# Chapter 57: Hierarchical and Grouped Time‑Series

## Learning Objectives

By the end of this chapter, you will be able to:

- Understand the structure of hierarchical and grouped time‑series data and why coherent forecasts are important
- Identify different types of hierarchies (geographical, product, organisational) and their application to financial data
- Implement bottom‑up, top‑down, and middle‑out forecasting methods
- Apply optimal combination (MinT) reconciliation using covariance estimation
- Handle grouped time‑series with multiple cross‑sectional grouping dimensions
- Understand temporal hierarchies and how to reconcile forecasts across different time frequencies
- Evaluate forecast accuracy at both aggregated and disaggregated levels
- Scale hierarchical forecasting to large numbers of series using sparse algebra
- Implement these methods for the NEPSE system, e.g., forecasting the overall market index, sector indices, and individual stocks consistently

---

## Introduction

In many real‑world forecasting problems, time series are naturally organised into hierarchies or groups. For example, sales data may be aggregated by product category, then by region, then by country. In finance, we might have individual stock prices, which aggregate to sector indices, which in turn aggregate to a national market index like the NEPSE index. Decisions often need to be made at different levels: a trader might care about a specific stock, while a fund manager cares about the sector, and a regulator cares about the overall market.

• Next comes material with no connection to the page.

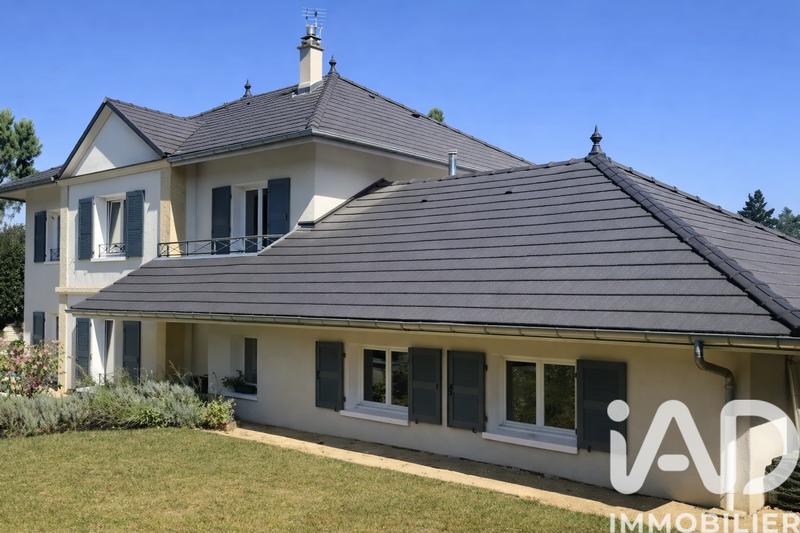 Maison - 224 m² - 8 pièces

Forecasting such data presents a unique challenge: forecasts made independently at each level will not be **coherent**—they will not add up correctly across the hierarchy (e.g., the sum of forecasted sector indices may not equal the forecasted overall index). Incoherent forecasts can lead to inconsistent planning and poor decisions.

**Hierarchical forecasting** aims to produce forecasts that are coherent across all levels. This can be achieved by first generating base forecasts for every series (using any univariate or multivariate model) and then applying a **reconciliation** method to adjust them so that they satisfy the aggregation constraints.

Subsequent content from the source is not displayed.